La famille coréenne est perçue comme une unité. Si un délit est commis par un membre, ce n’est pas l’individu seul qui sera culpabilisé mais la famille entière tenue pour responsable. Néanmoins la cohésion familiale s’affaiblit et à des répercussions importantes sur les moeurs. Il devient rare de voir des familles entières vivre ensemble. Elles vivent généralement en campagne. Cette situation s’explique tout d’abord par le fait que certains membres d’une famille s’installent autre part pour des raisons professionnelles et ne reviennent dans leur famille qu’à la période des fêtes. Par ailleurs, les espaces d’habitation réduits en ville renforcent une promiscuité susceptible d’être gênante entre les membres. La taille de la famille est désormais souvent réduite aux parents et enfants. En l’absence des grands-parents et autres membres, l’enfant se construit sur un nouvel modèle familial, acquiert une autre éducation et perd les valeurs confucianistes. Le père travaillant sans arrêt reste un être absent qui ne participe donc pas à l’éducation des enfants. Le pouvoir de décisions(administratif, d’éducation…) revient à la mère et l’autorité du père devient moins importante. Il est vrai que les cultes aux ancêtres rappellent le devoir de loyauté envers les ancêtres cependant il n’y a plus d’identification aux aînés. Par ailleurs, l’éducation monoparentale avec une mère centrée sur ses enfants tend à renforcer l’individualisme de chacun. Le symptôme le plus criant de ce déséquilibre familial est l’émergence d’une nouvelle génération d’enfant-rois à qui tout leur est accordé.
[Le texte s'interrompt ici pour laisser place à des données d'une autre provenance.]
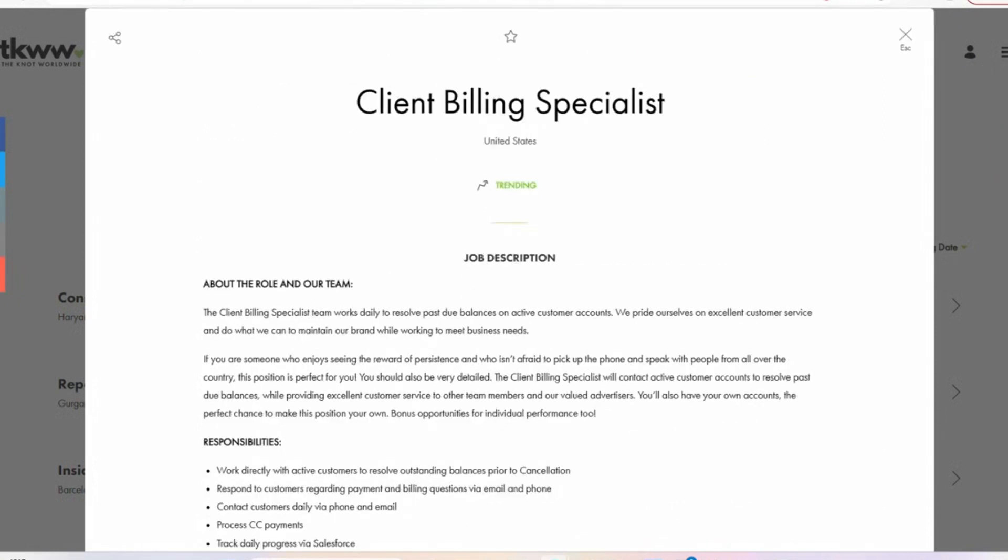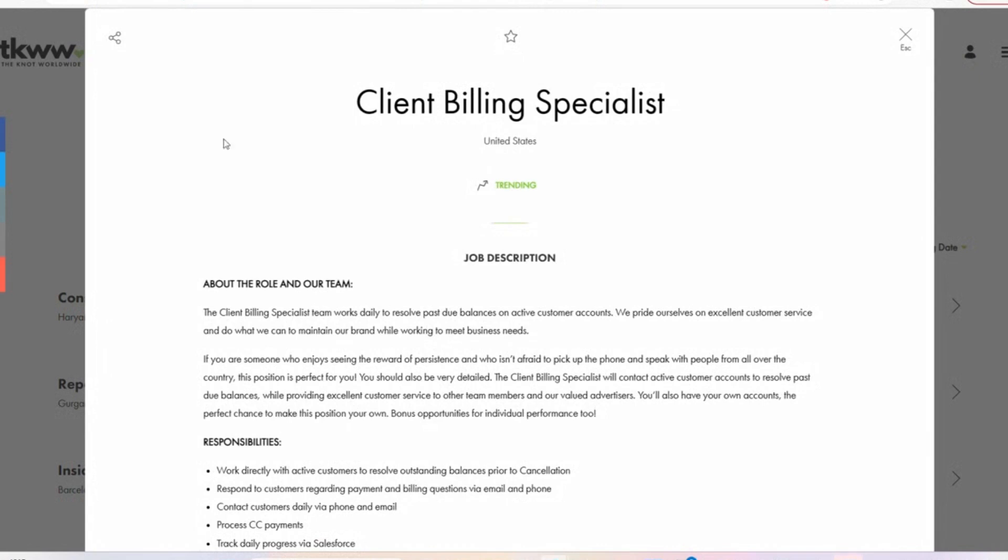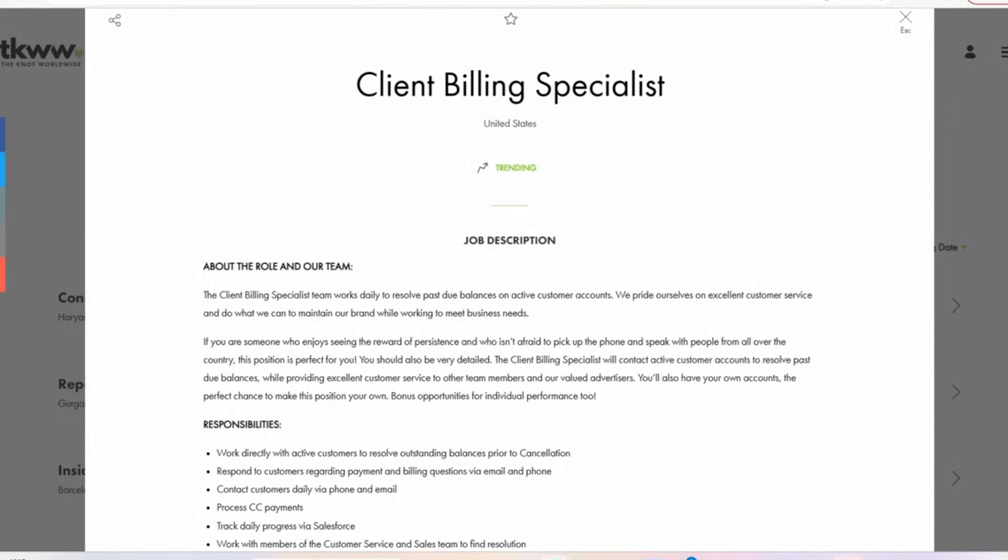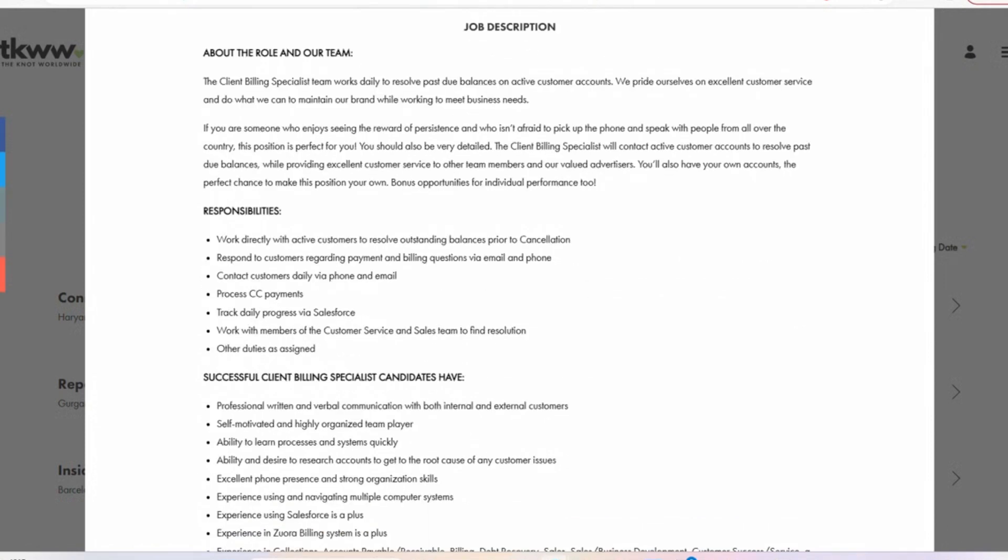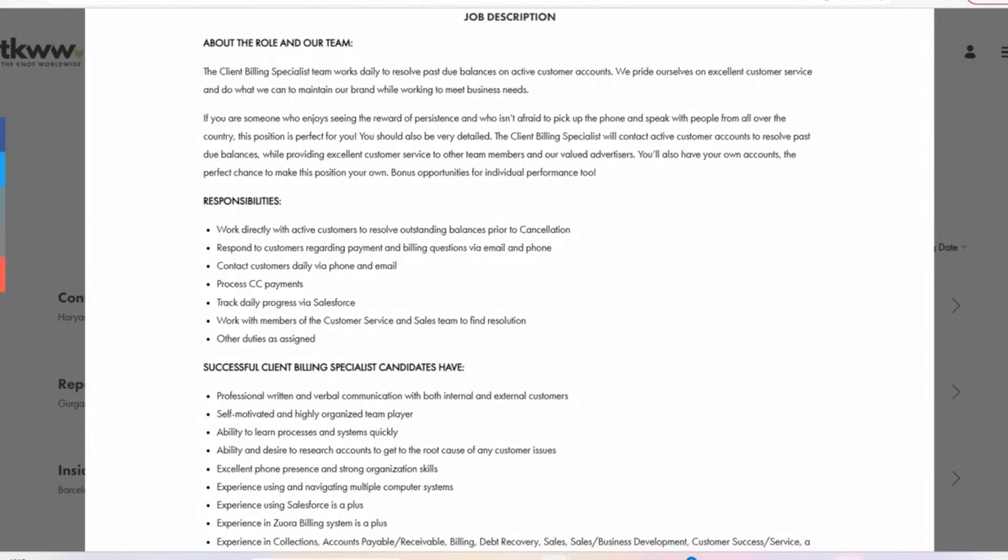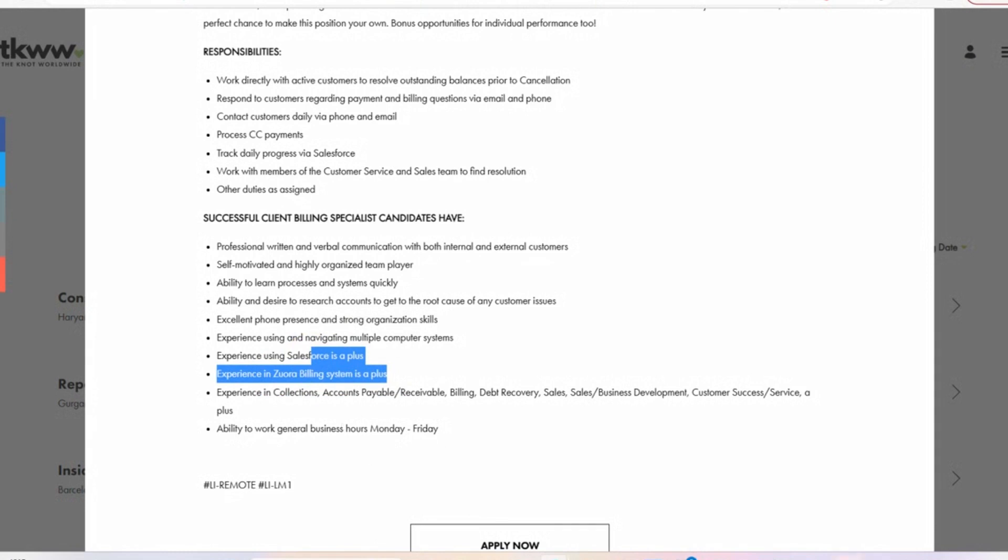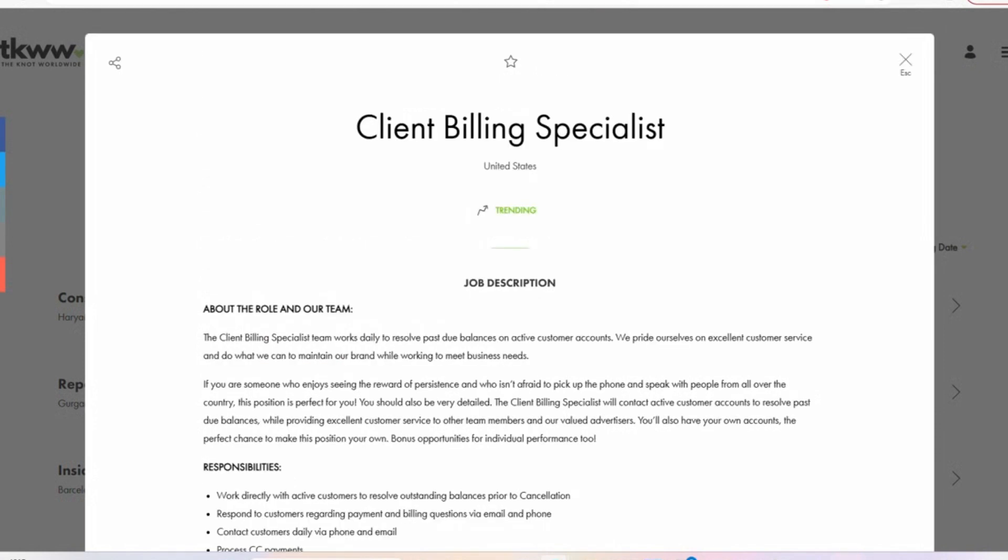The second role is titled Client Billing Specialist. In this position, you are going to be working with their clients to ensure that payments are processed as they should. In terms of requirements, they're asking for you to have professional written and verbal communication, self-motivated and highly organized team player. They do have Salesforce and Zuora billing. However, these are just preferences. So even if you don't have those, you can still apply for this position and potentially still get it. And the salary range is between $25 and $30 per hour. And with this position, you can potentially get a bonus as well.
Le système social hiérarchique de tradition confucianiste reste très présent dans le quotidien des coréens. Cependant, cet héritage culturel semble perdre de sa valeur à mesure que le pays s’ouvre. Les adaptations à la modernisation du pays (droits de la femme, coût excessif de l’éducation des enfants obligeant le père à travailler sans cesse, modèle de la famille occidentale) bouleversent les rôles traditionnellement attribués aux membres de la famille. Il ne semble rester dans la famille coréenne que le squelette des enseignements confucianistes. On en vient à se demander si les valeurs confucianistes, caractère spécifique du pays, se transmettront encore dans les générations futures. Le déclin des moeurs reste encore faible et si cet héritage culturel menaçait de se perdre, un retour aux enseignements traditionnels serait surement envisagé par le gouvernement soucieux de la protection de sa culture confucianiste, ordonnatrice sociale.